| THE DATA |

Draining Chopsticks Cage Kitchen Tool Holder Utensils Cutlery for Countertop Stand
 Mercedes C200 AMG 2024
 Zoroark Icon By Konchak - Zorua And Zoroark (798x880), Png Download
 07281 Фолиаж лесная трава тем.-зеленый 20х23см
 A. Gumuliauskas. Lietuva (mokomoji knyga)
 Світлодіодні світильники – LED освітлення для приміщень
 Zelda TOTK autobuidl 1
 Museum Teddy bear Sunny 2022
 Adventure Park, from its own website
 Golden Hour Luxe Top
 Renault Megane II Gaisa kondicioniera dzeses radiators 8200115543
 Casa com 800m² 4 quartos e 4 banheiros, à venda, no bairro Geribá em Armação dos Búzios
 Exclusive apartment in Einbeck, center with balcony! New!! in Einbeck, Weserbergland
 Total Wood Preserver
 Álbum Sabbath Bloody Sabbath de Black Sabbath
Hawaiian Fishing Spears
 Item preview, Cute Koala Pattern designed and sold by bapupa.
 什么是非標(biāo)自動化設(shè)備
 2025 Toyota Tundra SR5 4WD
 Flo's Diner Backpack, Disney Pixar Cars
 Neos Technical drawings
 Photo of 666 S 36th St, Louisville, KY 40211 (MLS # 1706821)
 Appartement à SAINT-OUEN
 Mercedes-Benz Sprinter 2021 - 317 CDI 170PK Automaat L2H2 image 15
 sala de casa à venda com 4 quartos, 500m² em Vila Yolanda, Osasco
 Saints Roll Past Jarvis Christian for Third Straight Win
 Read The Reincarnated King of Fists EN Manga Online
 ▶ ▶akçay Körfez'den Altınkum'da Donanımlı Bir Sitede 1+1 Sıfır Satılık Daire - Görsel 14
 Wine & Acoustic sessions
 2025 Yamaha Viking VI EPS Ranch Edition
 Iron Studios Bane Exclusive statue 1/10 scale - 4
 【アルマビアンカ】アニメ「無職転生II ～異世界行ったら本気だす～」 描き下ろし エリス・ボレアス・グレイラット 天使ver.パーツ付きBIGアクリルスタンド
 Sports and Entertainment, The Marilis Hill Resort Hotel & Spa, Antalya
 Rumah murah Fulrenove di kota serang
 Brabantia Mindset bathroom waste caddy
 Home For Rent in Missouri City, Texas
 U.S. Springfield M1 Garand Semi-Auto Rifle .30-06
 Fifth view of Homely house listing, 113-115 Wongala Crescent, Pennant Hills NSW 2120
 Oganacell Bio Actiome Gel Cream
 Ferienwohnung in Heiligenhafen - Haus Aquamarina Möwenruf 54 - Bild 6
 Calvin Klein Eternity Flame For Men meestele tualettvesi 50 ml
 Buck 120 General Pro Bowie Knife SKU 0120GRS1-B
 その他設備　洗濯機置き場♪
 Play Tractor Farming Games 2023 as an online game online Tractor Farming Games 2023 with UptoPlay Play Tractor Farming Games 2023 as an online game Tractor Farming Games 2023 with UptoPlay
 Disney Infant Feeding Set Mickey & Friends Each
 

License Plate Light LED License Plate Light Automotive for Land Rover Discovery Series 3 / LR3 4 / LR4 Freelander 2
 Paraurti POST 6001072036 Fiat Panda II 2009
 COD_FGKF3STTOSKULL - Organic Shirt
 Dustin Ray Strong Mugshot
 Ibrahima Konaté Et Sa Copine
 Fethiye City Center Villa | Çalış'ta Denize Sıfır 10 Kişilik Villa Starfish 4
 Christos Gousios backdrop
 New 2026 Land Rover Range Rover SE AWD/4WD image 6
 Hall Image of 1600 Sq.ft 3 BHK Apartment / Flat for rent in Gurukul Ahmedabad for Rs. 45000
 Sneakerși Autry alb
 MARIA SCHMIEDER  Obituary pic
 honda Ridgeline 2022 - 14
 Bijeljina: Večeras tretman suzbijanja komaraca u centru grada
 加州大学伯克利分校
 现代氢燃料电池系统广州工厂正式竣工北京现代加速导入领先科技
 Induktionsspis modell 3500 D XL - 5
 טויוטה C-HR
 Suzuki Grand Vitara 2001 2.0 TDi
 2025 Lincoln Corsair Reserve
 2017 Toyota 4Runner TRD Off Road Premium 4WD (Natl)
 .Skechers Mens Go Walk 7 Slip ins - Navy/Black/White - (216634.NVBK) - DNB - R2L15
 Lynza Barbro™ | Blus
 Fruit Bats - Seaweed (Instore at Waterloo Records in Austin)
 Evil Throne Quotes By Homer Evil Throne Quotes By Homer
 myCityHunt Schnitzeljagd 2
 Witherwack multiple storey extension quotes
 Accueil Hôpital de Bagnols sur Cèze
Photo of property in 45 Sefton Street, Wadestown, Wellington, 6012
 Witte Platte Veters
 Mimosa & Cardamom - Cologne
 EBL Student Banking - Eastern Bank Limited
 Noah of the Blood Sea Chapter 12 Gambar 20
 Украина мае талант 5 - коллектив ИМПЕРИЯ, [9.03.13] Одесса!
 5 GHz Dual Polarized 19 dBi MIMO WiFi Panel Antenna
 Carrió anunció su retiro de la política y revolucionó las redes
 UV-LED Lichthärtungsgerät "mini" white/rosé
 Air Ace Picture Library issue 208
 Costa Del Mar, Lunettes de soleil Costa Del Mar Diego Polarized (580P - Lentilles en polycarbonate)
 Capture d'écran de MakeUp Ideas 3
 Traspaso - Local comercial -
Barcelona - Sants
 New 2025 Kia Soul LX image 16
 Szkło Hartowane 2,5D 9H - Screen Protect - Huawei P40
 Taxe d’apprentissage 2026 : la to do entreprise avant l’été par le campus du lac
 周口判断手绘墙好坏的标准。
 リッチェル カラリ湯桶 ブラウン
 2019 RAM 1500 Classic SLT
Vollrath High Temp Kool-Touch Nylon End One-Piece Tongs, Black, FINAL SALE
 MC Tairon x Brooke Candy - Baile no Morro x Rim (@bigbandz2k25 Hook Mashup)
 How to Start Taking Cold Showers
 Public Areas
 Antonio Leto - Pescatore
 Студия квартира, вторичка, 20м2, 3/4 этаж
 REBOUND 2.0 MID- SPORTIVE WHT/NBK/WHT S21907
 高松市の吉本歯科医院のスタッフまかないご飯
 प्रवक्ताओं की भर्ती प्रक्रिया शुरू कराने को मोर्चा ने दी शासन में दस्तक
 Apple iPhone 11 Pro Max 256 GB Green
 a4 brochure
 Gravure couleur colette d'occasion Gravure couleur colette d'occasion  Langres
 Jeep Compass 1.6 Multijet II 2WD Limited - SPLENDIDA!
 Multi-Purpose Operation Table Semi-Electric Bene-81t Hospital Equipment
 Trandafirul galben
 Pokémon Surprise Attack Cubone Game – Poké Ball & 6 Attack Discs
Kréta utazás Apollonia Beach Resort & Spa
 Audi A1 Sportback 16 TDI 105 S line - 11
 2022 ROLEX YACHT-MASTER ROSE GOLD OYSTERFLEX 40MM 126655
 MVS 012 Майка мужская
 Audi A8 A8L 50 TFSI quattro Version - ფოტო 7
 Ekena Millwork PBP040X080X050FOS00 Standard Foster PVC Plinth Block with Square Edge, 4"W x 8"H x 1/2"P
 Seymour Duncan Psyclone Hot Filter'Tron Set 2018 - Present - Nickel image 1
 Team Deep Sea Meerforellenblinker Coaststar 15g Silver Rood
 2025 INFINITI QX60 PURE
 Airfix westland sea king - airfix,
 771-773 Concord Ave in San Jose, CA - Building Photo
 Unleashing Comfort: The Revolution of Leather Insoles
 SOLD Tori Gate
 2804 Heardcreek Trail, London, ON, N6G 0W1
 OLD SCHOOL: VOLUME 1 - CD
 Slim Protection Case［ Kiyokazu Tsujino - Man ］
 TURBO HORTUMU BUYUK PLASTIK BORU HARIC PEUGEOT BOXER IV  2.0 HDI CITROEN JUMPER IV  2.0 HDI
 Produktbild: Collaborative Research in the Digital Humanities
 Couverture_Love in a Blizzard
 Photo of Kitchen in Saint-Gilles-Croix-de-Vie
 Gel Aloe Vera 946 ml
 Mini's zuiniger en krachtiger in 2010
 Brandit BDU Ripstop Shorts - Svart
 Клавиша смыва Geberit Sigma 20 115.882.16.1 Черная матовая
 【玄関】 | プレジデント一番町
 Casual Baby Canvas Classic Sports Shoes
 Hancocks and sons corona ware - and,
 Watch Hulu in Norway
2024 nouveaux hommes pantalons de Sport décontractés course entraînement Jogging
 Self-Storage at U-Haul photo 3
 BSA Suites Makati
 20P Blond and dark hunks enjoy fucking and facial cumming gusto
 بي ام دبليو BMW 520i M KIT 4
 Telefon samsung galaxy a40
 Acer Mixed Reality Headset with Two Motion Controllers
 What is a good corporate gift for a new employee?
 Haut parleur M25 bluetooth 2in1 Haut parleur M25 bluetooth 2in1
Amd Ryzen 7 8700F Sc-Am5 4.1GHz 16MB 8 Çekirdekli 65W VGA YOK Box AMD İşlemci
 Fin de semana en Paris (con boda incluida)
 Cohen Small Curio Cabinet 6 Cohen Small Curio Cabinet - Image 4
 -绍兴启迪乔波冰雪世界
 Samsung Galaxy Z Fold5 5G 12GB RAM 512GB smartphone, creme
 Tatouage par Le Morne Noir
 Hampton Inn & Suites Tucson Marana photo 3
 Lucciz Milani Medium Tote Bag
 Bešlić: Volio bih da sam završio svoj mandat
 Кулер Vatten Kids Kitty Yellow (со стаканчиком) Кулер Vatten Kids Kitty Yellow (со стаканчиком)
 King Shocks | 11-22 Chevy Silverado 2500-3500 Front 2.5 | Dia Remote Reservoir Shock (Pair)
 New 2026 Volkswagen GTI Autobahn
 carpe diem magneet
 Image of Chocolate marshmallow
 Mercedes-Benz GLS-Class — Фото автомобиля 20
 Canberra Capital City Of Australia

| DIRECTIONS FOR THIS TASK |
Word for word, reproduce the listing from its first line through the line that has "描き下ろし エリス・ボレアス・グレイラット 天使ver.パーツ付きBIGアクリルスタンド" in it, and go no further.

| COMPLETED EXERCISE |
Draining Chopsticks Cage Kitchen Tool Holder Utensils Cutlery for Countertop Stand
 Mercedes C200 AMG 2024
 Zoroark Icon By Konchak - Zorua And Zoroark (798x880), Png Download
 07281 Фолиаж лесная трава тем.-зеленый 20х23см
 A. Gumuliauskas. Lietuva (mokomoji knyga)
 Світлодіодні світильники – LED освітлення для приміщень
 Zelda TOTK autobuidl 1
 Museum Teddy bear Sunny 2022
 Adventure Park, from its own website
 Golden Hour Luxe Top
 Renault Megane II Gaisa kondicioniera dzeses radiators 8200115543
 Casa com 800m² 4 quartos e 4 banheiros, à venda, no bairro Geribá em Armação dos Búzios
 Exclusive apartment in Einbeck, center with balcony! New!! in Einbeck, Weserbergland
 Total Wood Preserver
 Álbum Sabbath Bloody Sabbath de Black Sabbath
Hawaiian Fishing Spears
 Item preview, Cute Koala Pattern designed and sold by bapupa.
 什么是非標(biāo)自動化設(shè)備
 2025 Toyota Tundra SR5 4WD
 Flo's Diner Backpack, Disney Pixar Cars
 Neos Technical drawings
 Photo of 666 S 36th St, Louisville, KY 40211 (MLS # 1706821)
 Appartement à SAINT-OUEN
 Mercedes-Benz Sprinter 2021 - 317 CDI 170PK Automaat L2H2 image 15
 sala de casa à venda com 4 quartos, 500m² em Vila Yolanda, Osasco
 Saints Roll Past Jarvis Christian for Third Straight Win
 Read The Reincarnated King of Fists EN Manga Online
 ▶ ▶akçay Körfez'den Altınkum'da Donanımlı Bir Sitede 1+1 Sıfır Satılık Daire - Görsel 14
 Wine & Acoustic sessions
 2025 Yamaha Viking VI EPS Ranch Edition
 Iron Studios Bane Exclusive statue 1/10 scale - 4
 【アルマビアンカ】アニメ「無職転生II ～異世界行ったら本気だす～」 描き下ろし エリス・ボレアス・グレイラット 天使ver.パーツ付きBIGアクリルスタンド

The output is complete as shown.